Já na edição de 2016, que decorreu em dezembro, arrecadou quatro prémios com duas tatuagens feitas nas pernas de dois outros clientes: uma retratava o Spud, do filme Trainspotting, e a outra era composta por duas personagens da série televisiva Vikings.

Mas João é, garante Nuno, o cliente que «mais tatuou até hoje», desde que em 2010 decidiu trocar de profissão, deixando de ser designer gráfico para se dedicar cem por cento à carreira de tatuador. Já lhe pintou o peito todo, a barriga, as coxas, as costas e agora está a trabalhar nas mãos e no pescoço.

Foi assim que, aos poucos, João se transformou na montra do trabalho do tatuador. Os desenhos idealizados pelos dois têm sido levados por Nuno, no seu portefólio, a várias convenções no estrangeiro, onde se juntam os melhores profissionais do mundo nesta arte.
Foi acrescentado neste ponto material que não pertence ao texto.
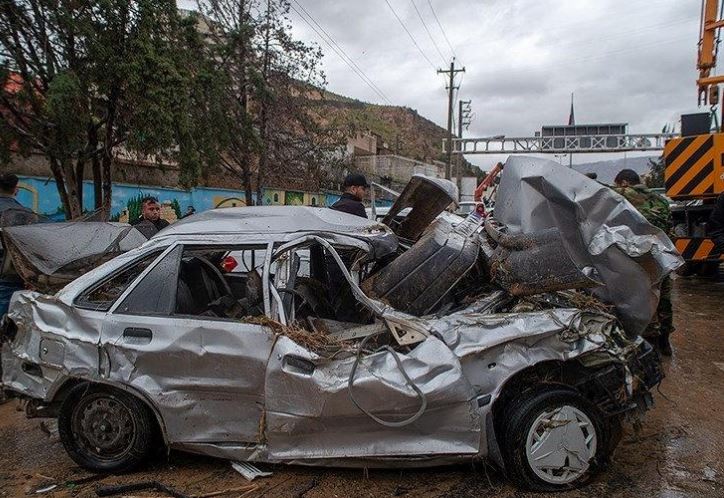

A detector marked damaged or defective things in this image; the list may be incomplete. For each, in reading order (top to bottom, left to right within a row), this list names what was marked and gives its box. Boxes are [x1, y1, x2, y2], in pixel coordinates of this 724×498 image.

wrecked silver car [0, 159, 680, 490]
crumpled metal panel [264, 332, 484, 462]
crumpled metal panel [494, 156, 680, 334]
torn sheet metal [494, 156, 680, 334]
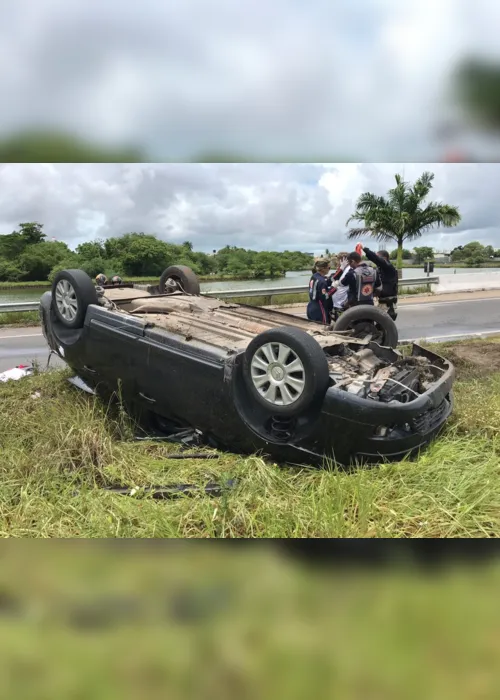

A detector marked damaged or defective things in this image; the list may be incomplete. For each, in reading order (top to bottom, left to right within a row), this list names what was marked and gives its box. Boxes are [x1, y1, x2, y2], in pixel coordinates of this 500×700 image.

overturned car [38, 266, 454, 468]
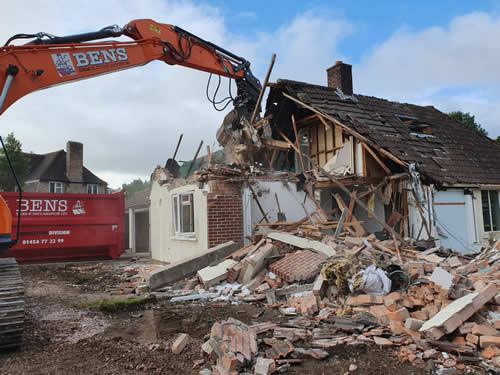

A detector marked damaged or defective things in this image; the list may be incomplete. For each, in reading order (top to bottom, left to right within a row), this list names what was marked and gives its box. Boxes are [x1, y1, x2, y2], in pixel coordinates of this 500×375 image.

broken rafter [282, 93, 406, 170]
broken rafter [362, 142, 392, 176]
broken concrete slab [266, 232, 336, 258]
broken concrete slab [146, 241, 240, 290]
broken concrete slab [197, 258, 238, 288]
broken concrete slab [430, 268, 454, 290]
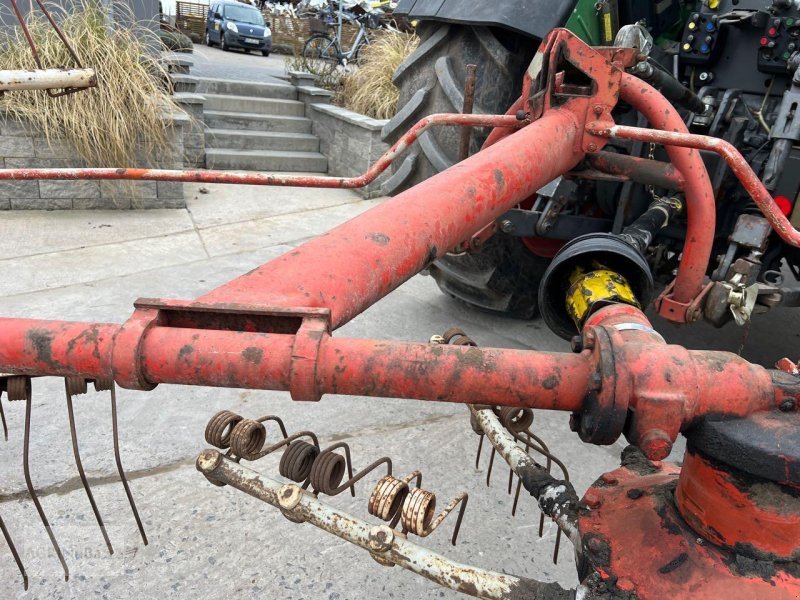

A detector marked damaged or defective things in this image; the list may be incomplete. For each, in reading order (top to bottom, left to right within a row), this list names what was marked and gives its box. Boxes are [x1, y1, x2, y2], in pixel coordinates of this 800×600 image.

rusty metal pipe [0, 115, 520, 192]
rusty steel tine [460, 64, 478, 161]
rusty metal pipe [616, 75, 716, 314]
rusty metal pipe [592, 124, 800, 248]
rusty steel tine [0, 510, 27, 592]
rusty steel tine [21, 386, 69, 580]
rusty steel tine [64, 380, 114, 552]
rusty steel tine [108, 384, 148, 548]
rusty metal pipe [198, 450, 576, 600]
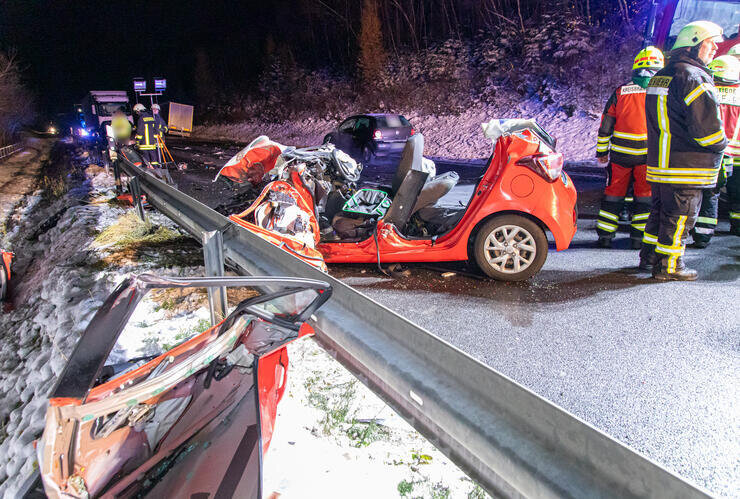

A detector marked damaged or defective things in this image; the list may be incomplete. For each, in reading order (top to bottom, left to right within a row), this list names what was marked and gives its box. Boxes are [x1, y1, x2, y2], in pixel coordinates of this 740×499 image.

wrecked red car [231, 119, 580, 280]
wrecked red car [34, 276, 330, 498]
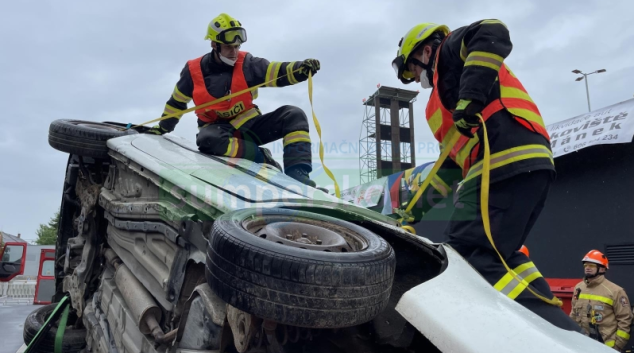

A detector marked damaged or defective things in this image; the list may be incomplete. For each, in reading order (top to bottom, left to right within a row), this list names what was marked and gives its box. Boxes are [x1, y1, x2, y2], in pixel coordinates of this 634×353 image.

overturned white car [23, 119, 612, 352]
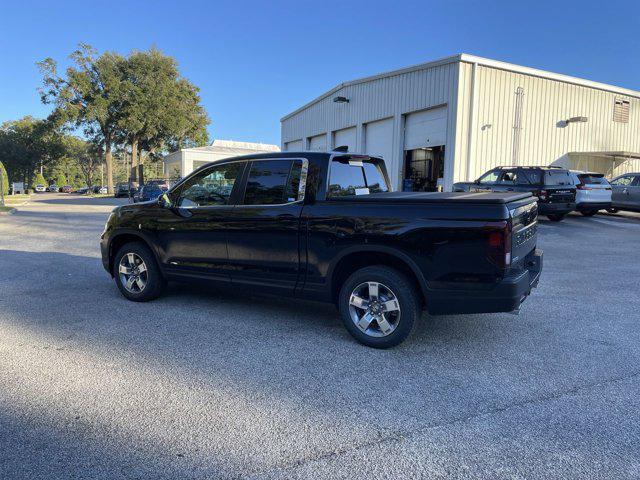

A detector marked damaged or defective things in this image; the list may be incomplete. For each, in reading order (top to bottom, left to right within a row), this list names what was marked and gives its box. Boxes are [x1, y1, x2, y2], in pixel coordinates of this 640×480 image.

cracked asphalt [1, 193, 640, 478]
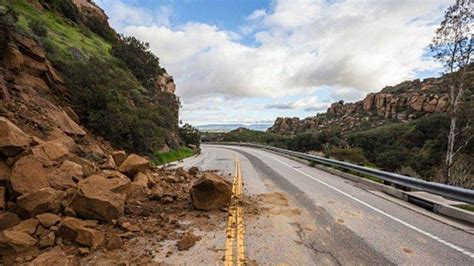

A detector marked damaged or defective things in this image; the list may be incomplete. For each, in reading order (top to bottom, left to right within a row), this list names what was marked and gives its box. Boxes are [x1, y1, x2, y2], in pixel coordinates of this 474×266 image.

cracked asphalt [174, 144, 474, 264]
Conheceram-se em 2014, quando João ficou rendido aos desenhos realistas do artista – o único português com uma cor de tinta da linha internacional World Famous Tattoo Ink com o seu nome (uma mistura de vários tons de cinzento e branco) e que abriu, em janeiro deste ano, o Graveyart Tattoo Studio, em Lisboa.

A complexidade da tatuagem premiada sobre a Laranja Mecânica aproximou tatuador e tatuado. «Foi um trabalho de nove meses».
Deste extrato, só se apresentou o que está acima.